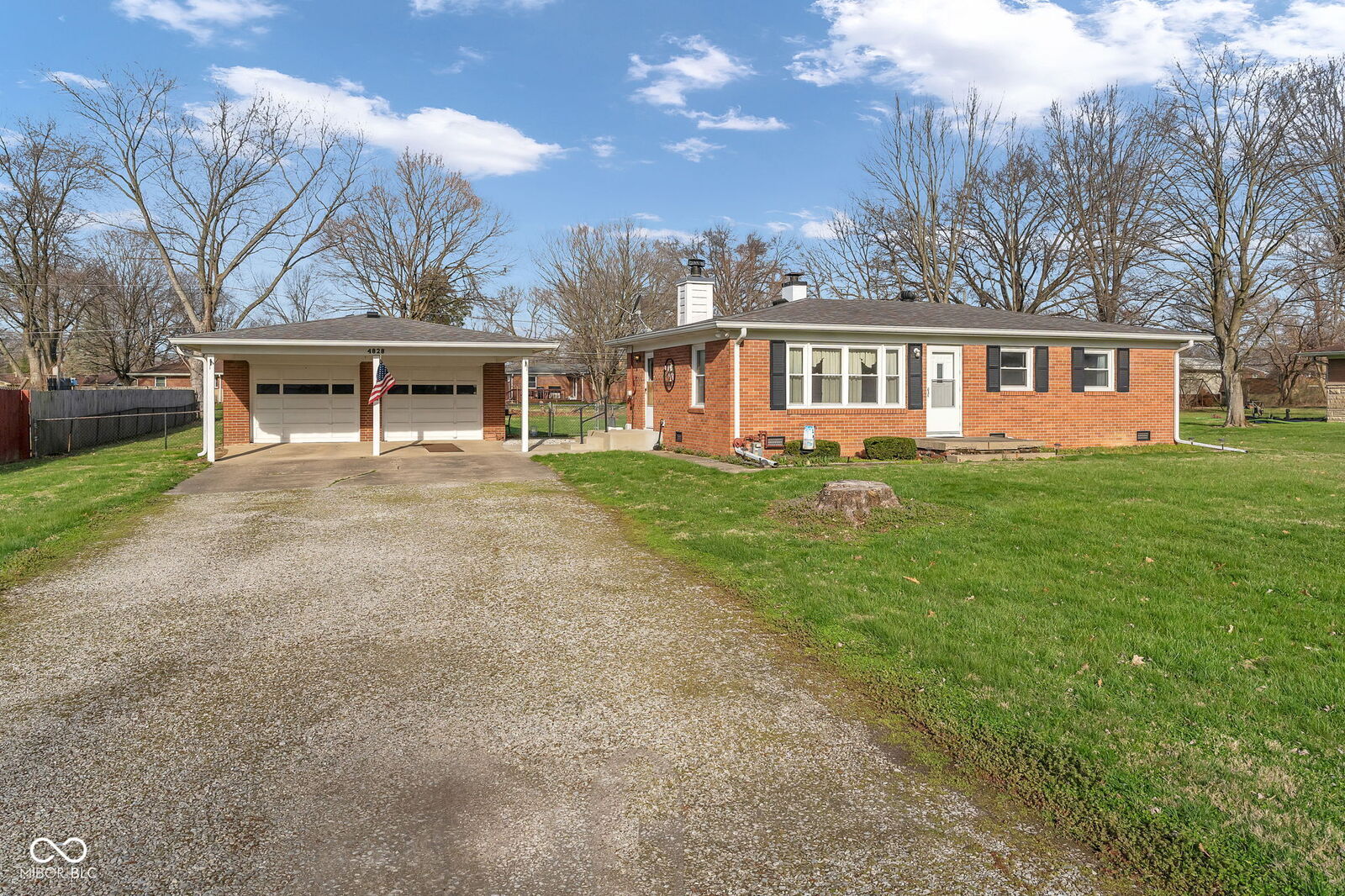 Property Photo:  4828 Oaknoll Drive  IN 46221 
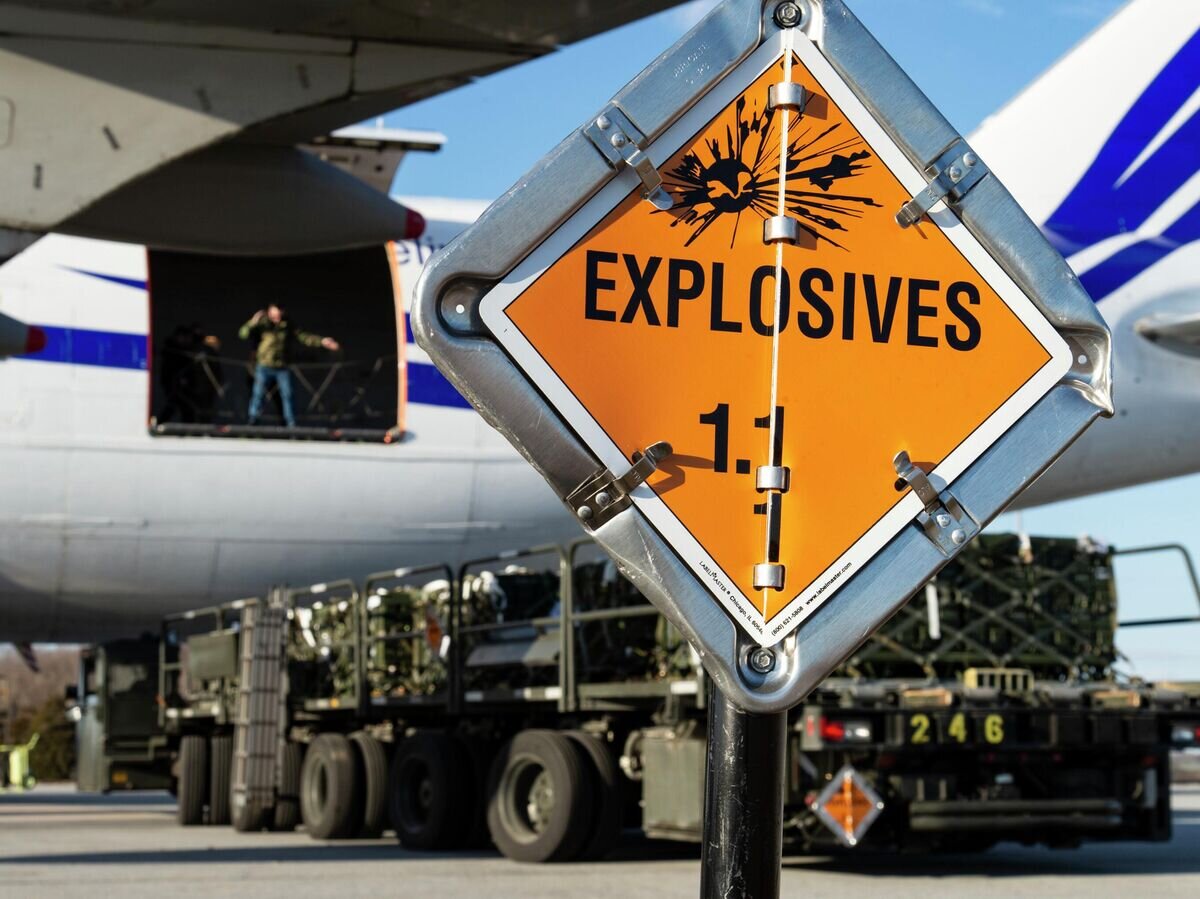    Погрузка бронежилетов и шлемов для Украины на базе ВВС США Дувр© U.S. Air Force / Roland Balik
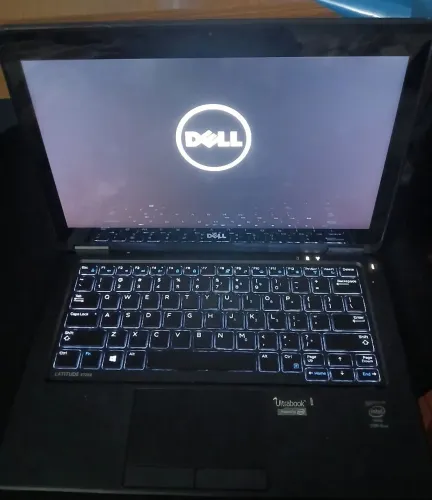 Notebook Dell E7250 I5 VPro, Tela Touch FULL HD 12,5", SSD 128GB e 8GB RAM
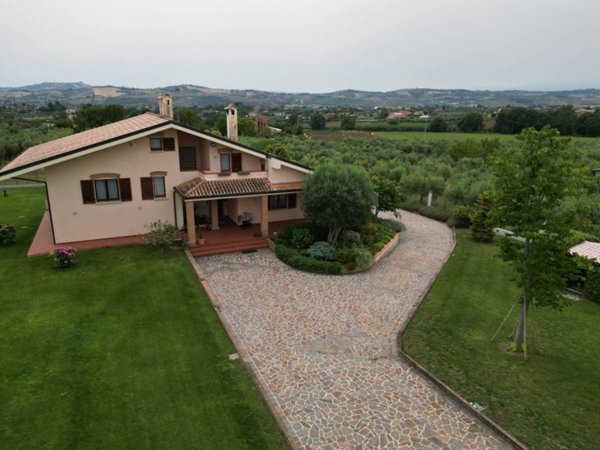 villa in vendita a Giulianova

- **Task details**:
Nothing but the lines from the line with "Погрузка бронежилетов и" through the end of the listing should appear in the answer, each duplicated exactly, without pictures.

- **Solution below**:
    Погрузка бронежилетов и шлемов для Украины на базе ВВС США Дувр© U.S. Air Force / Roland Balik
 Notebook Dell E7250 I5 VPro, Tela Touch FULL HD 12,5", SSD 128GB e 8GB RAM
 villa in vendita a Giulianova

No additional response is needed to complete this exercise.